Bei jedem Anschlag in der Europäischen Union seit dem 11. September nutzen Poltiker das Momentum der Angst, um zahlreiche Vorschläge aus der Schublade zu holen, für die man sonst massiv Kritik einstecken würde – eben weil Grundrechte damit außer Kraft gesetzt werden. Auch nach den Anschlägen in Paris gibt es zahlreiche Ideen. Hierzulande dominieren die Wiedereinführung der Vorratsdatenspeicherung, leider ein netzpolitischer Zombie und die lange Speicherung unserer Flugdaten (und wahrscheinlich demnächst sonstiger Mobilitätsdaten) – quasi die Vorratsdatenspeicherung der Lüfte. Leider scheint es gesetzt, dass wir beides demnächst wieder live erleben werden.
Aber den Vogel schoß der britische Premierminister David Cameron ab. Großbritannien schafft es immer wieder, die Latte an Überwachungsmaßnahmen nochmal ein Stück höher zu legen. Der Vorteil der überwachungsfreundlichen Briten ist, dass sie dabei keine Verfassung und damit kein Bundesverfassungsgericht stören kann. In Großbritannien gibt es sowas nicht. Leider geriet es etwas in den Hintergrund der Snowden-Enthüllungen, dass der britische Geheimdienst GCHQ oft die Drecksarbeit für die NSA macht, zumindest nicht weniger böse. Dazu gehört auch das Echtzeit-Datenkabel-Überwachungsprogramm Tempora, was zahlreiche Unterseekabel anzapft, die über Großbritannien laufen. Und die Inhalte mindestens drei Tage speichert und rastert. Die Inhalte unserer Kommunikation.

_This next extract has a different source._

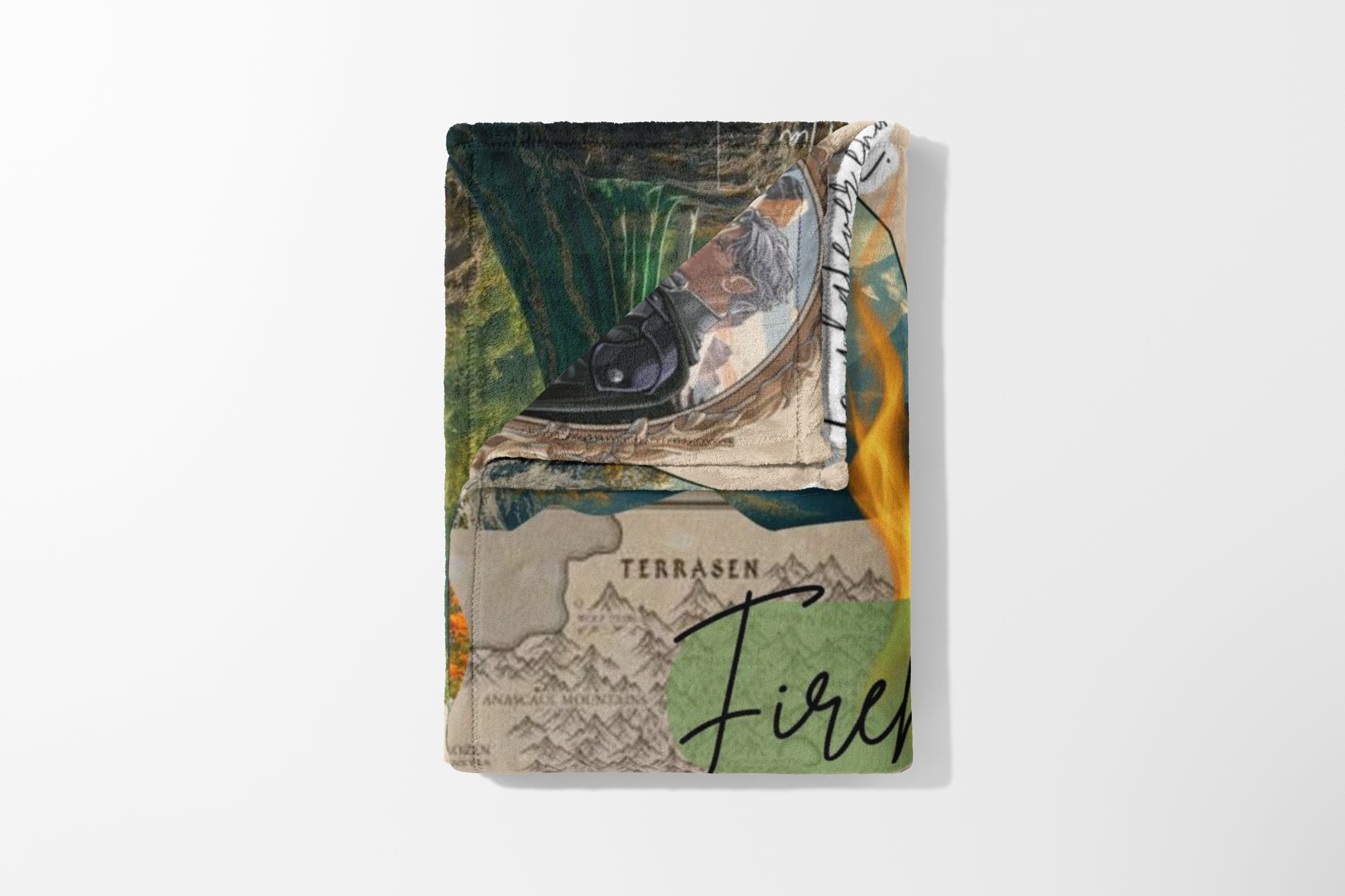 Folded blanket with a fantasy map, mountains, and flames design.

Nun gibt es den Trend, genau deswegen Kommunikation mehr zu verschlüsseln. Das ist richtig und vernünftig. Zum Glück sind die Zeiten vorbei, wo Ingenieure das bei der Konzeption von neuen Kommunikationstechnologien immer vergessen haben. Alleine die Ankündigung von „WhatsApp“, dass jetzt die Kommunikation innerhalb des Messengers verschlüsselt ablaufen soll, dürfte rund 700 Millionen Nutzer besser absichern. Aber was macht man nun als Premierminister, dessen Geheimdienst es bis vor kurzem gewöhnt war, einfach mal alle Kommunikation bequem durchschnüffeln und speichern zu können? Cameron schlägt ein Kryptoverbot vor, dass er nach seiner möglichen Wiederwahl demnächst auf den Weg bringen will.

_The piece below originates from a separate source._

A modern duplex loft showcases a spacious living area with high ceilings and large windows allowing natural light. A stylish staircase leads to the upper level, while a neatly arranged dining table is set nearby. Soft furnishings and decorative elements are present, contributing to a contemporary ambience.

Dieser Vorschlag ist vollkommen absurd und gefährlich. Das ist damit vergleichbar, die Nutzung von Briefumschlägen zu verbieten und nur noch Postkarten zu erlauben. Unternehmen sind darauf angewiesen, dass ihre Mitarbeiter untereinander vertraulich kommunizieren können – alleine schon, um Geschäftsgeheimnisse zu sichern. Politiker sind darauf angewiesen, vertraulich miteinander kommunizieren zu können. Und wir als Privatpersonen sind darauf angewiesen, um unsere Grundrechte durchzusetzen, sicheres Onlinebanking zu betreiben und generell einfach Privatsphäre zu haben. Ebenso wie in unseren Schlafzimmern, hat David Cameron nichts in unserer Kommunikation zu suchen.

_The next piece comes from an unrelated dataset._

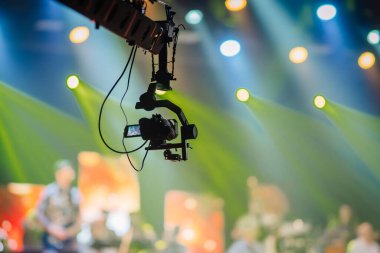 Valmiera, Letonya - 22 Mayıs 2025 - Bir konser veya performans sırasında canlı sahne ışıkları ve renkli bulanık arkaplan ile bir olayı kaydeden askıya alınmış bir kameranın silueti.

Wenn jetzt ein Nachbarstaat auf die absurde Idee kommt, Verschlüsselung zu verbieten, schädigt das nicht nur die Wirtschaft, sondern alle. Und auch die Vorratsdatenspeicherung kam über eine absurde Idee aus England später in unsere Gesetzgebung. Mit einem Kryptoverbot würde im Namen der Sicherheit mehr Unsicherheit geschaffen. Nur damit weitgehend unkontrollierte Geheimdienste mit riesigen Budgets einfach weiter überall reinschnüffeln und uns damit überwachen können.
Vielleicht haben wir ja Glück und Cameron wird nicht wiedergewählt. Damit dieser gefährliche Vorschlag im passenden Mülleimer landet.